■ DATASET SECTION ■
▶

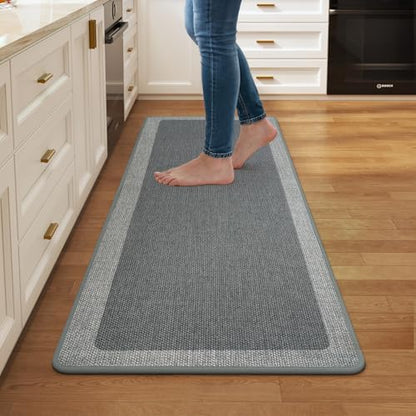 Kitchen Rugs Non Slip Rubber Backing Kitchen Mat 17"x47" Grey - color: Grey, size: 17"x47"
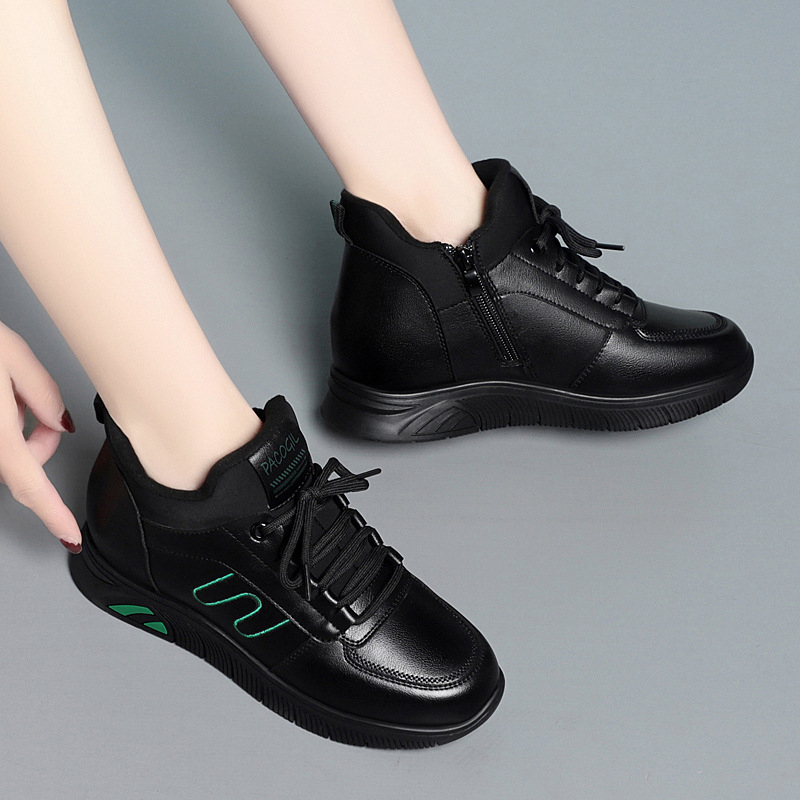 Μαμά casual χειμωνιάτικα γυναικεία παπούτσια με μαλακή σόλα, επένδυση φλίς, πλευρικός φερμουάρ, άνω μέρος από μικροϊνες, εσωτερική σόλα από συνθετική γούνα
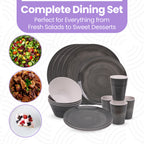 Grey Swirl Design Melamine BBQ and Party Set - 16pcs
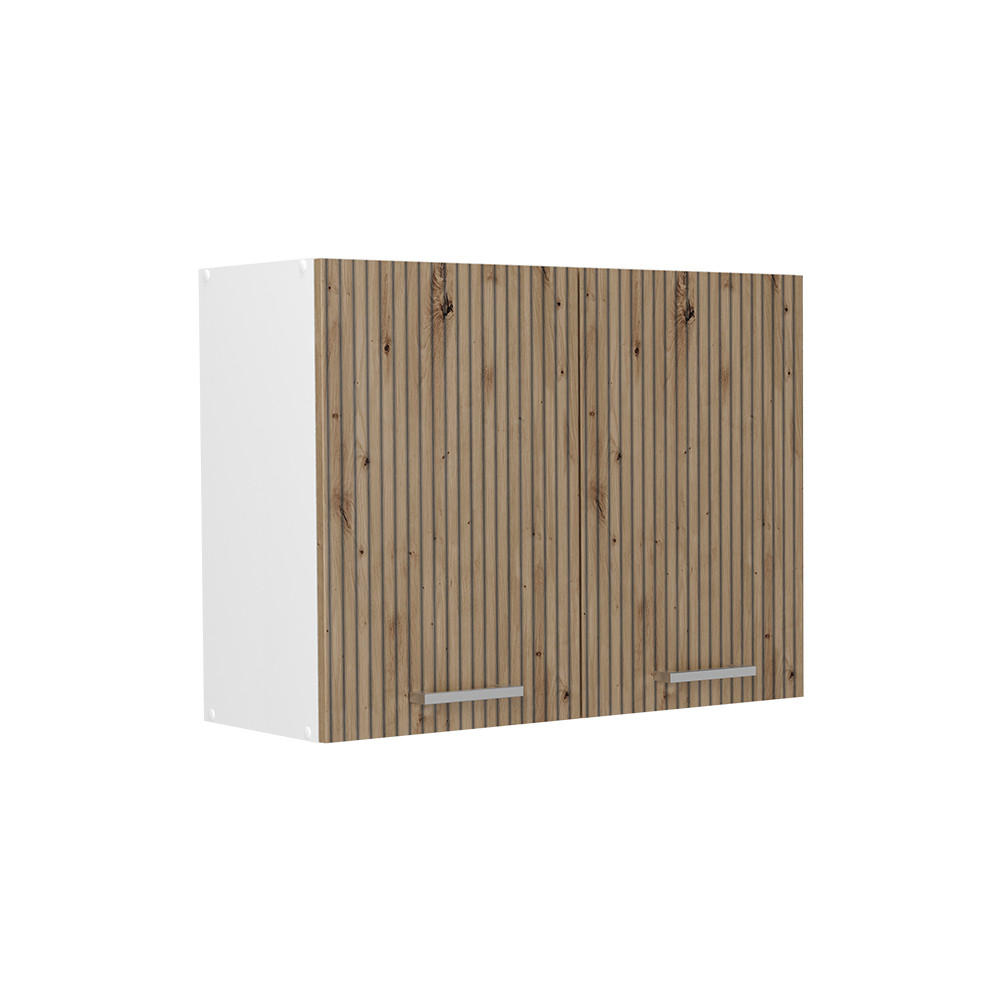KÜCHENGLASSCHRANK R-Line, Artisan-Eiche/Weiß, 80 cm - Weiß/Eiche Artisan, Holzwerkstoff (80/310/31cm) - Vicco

◀

■ EXERCISE DIRECTIONS ■
Using the listing above, copy exactly the lines from the one that contains "Μαμά casual χειμωνιάτικα" through its last line, both included, but not the pictures.

■ OUTPUT OF THE EXERCISE ■
 Μαμά casual χειμωνιάτικα γυναικεία παπούτσια με μαλακή σόλα, επένδυση φλίς, πλευρικός φερμουάρ, άνω μέρος από μικροϊνες, εσωτερική σόλα από συνθετική γούνα
 Grey Swirl Design Melamine BBQ and Party Set - 16pcs
KÜCHENGLASSCHRANK R-Line, Artisan-Eiche/Weiß, 80 cm - Weiß/Eiche Artisan, Holzwerkstoff (80/310/31cm) - Vicco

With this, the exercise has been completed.